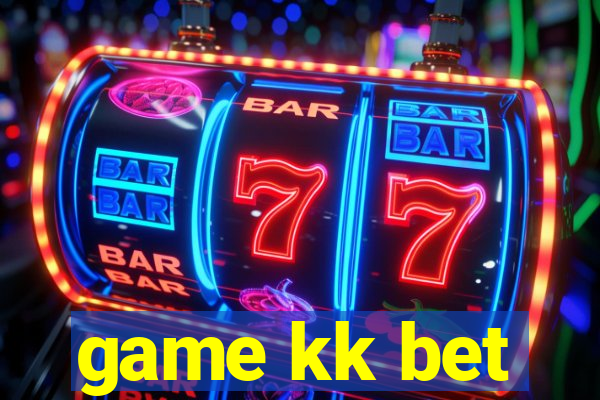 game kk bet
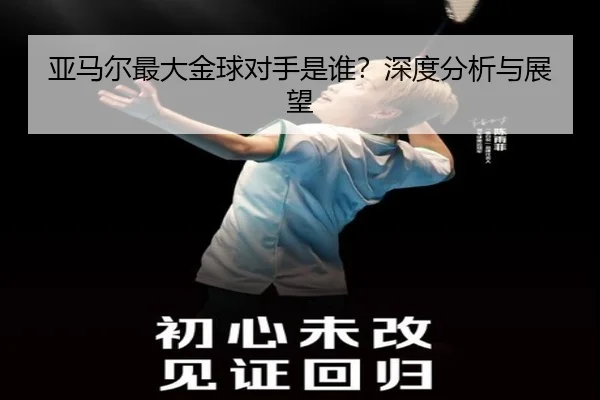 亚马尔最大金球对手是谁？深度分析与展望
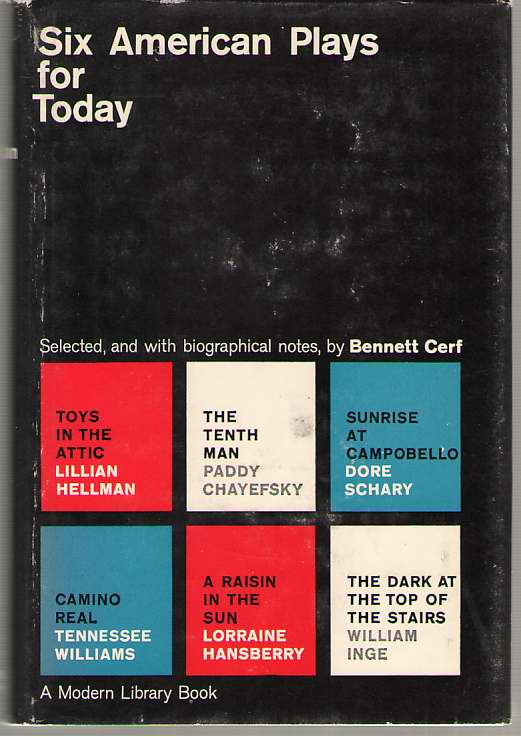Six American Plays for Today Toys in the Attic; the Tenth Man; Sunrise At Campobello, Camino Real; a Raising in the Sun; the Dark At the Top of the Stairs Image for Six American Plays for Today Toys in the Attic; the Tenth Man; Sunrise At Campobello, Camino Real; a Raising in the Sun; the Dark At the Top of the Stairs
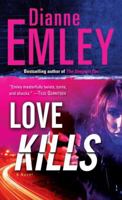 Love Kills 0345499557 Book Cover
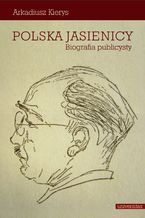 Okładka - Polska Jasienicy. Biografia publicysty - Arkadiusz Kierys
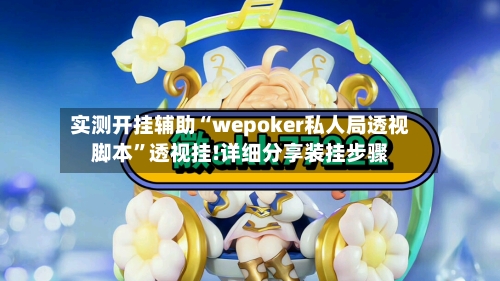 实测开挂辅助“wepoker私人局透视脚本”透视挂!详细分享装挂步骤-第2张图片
◇ ◇ ◇ ◇ ◇
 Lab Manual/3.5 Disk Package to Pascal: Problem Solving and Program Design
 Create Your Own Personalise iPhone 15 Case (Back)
◇ ◇ ◇ ◇ ◇
[To do]: All that should be written out is the stretch of lines above between the one holding "Lab Manual/3.5 Disk" and the one holding "Create Your Own", inclusive, exactly as given.

[Exercise answer]:
 Lab Manual/3.5 Disk Package to Pascal: Problem Solving and Program Design
 Create Your Own Personalise iPhone 15 Case (Back)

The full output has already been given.